Soruşturma kapsamında verdiği ifadede hakkındaki suçlamaları anlamadığını belirten Uğur, “Söz konusu haber belgelere ve bilgilere dayanılarak hazırlanmış ve evrensel gazetecilik ilkeleri ile yayınlanmıştır” dedi. Uğur, savunmasında Milli Eğitim Bakanı Yusuf Tekin’in açıklamalarına dikkat çekti.

“Haberimizin yayımlanmasından sonra Sayın Bakan Yusuf Tekin, TGRT’de katıldığı programda bizim haberimizde geçen soru kitapçıklarının MEB yönergesinde belirtildiği şekilde paylaşılmadığını kabul etmiş ve ‘dilediğimiz saatte paylaşılmadı’ şeklinde bir ifade kullanmıştır. Bu durum zaten bizim haberimizi doğrulamaktadır. Bir gazeteci olarak 1 milyon çocuğun hayatını ilgilendiren bir konuda Bakan Beyin de kabul ettiği eksiklikleri fikri takip olarak devam ettirmek ve haberleştirmek görevimdi. Ben de bu görevimi yerine getirdim.”

Avukat Ermaner: “Haberin Yapılmasında Kamu Menfaati Vardır”

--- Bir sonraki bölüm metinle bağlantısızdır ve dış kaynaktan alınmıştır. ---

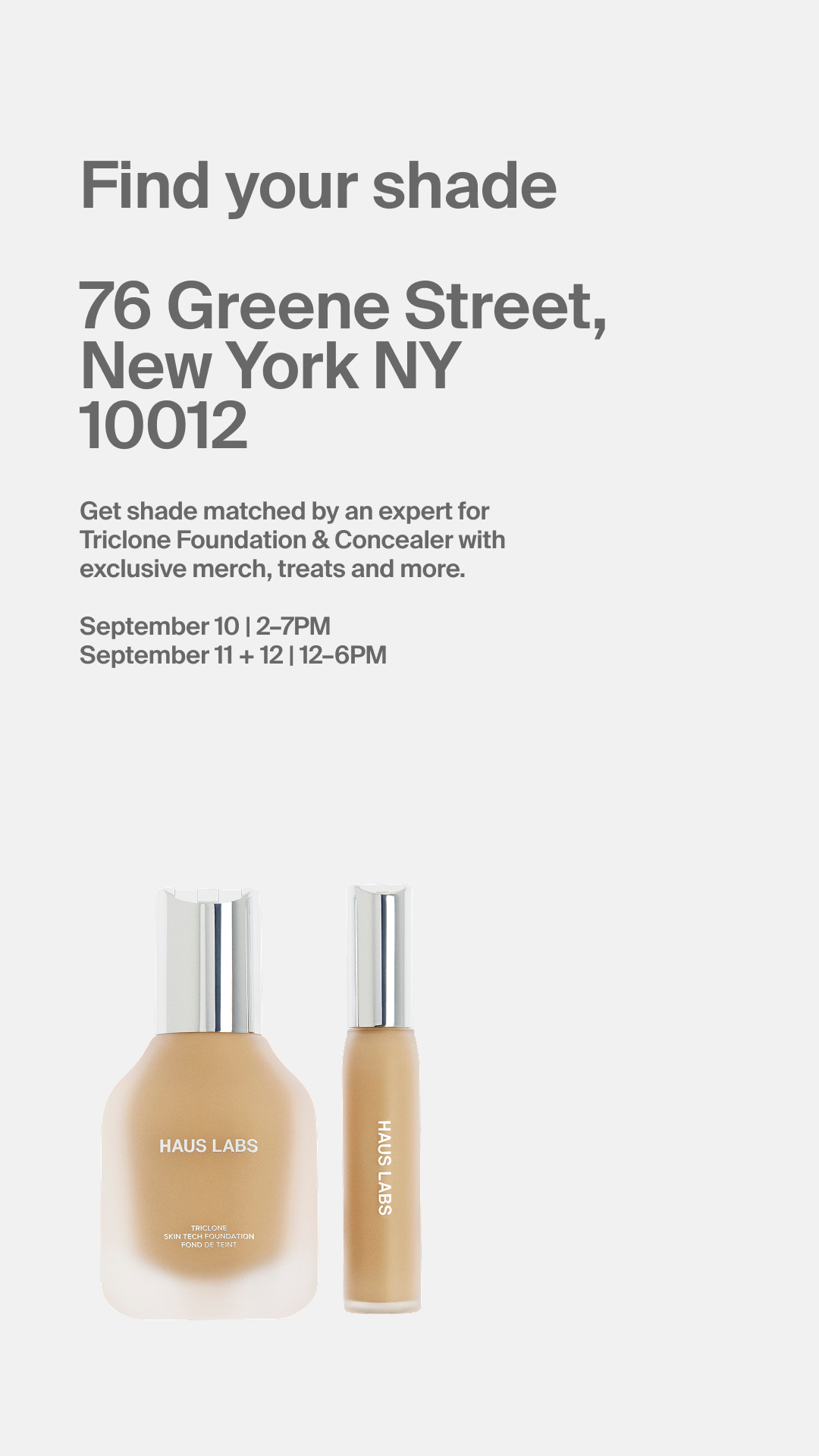 HAUS LABS X SEPHORA POP-UP, NYC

İfade sırasında Can Uğur’un yanında bulunan Cumhuriyet gazetesi avukatı Enes Ermaner, şikayete konu haberin gerçekliğinin sarih olan bilgi ve belgelere dayandığını vurguladı. Ermaner, “Bu da haberin aramış olduğu görünür gerçeklik kıssasını sağladığını ortaya koymaktadır. Ayrıca haberin yapılmasında kamu menfaati de bulunmaktadır” diye ekledi.

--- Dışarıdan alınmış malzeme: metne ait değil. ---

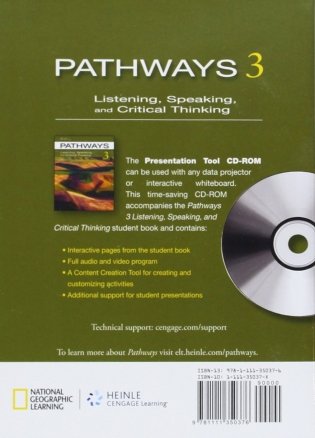 CD-ROM. Pathways. Listening and Speaking 3. Presentation Tool фото книги 2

“Asılsız Beyan Yok, Gazetecilik Faaliyeti Var”

Ermaner, haberin üslubunda olayların olduğu gibi aktarıldığını ve hiçbir kişi ya da kuruma yönelik asılsız beyanda bulunulmadığını belirtti.

“Şikayete konu suç isnadı olan halkı yanıltıcı bilgi ile alenen yayma suçunun oluşabilmesi için yanıltıcı bir bilgi olması ve bunun kamu barışını bozmaya elverişli şekilde yayınlanması gerekmektedir. Fakat müvekkilimizin savunmasında bahsettiği gibi haber somut olgu ve belgeye dayanmaktadır. Dolayısıyla yapılan bu haber Avrupa İnsan Hakları Mahkemesi, Anayasa Mahkemesi ve Yargıtay içtihatları doğrultusunda gazetecilik faaliyetidir. Ortada bir skandal var iken savcılıkların bu skandalı araştırmak yerine skandalı ortaya çıkaran gazetecilere yönelik işlem yapması hukuken kabul ve izah edilebilir değildir. Tüm bu nedenlerle haberin basın ve ifade özgürlüğü kapsamında olması nedeniyle takipsizlik kararı verilmesini sayın savcılıktan talep ederiz.”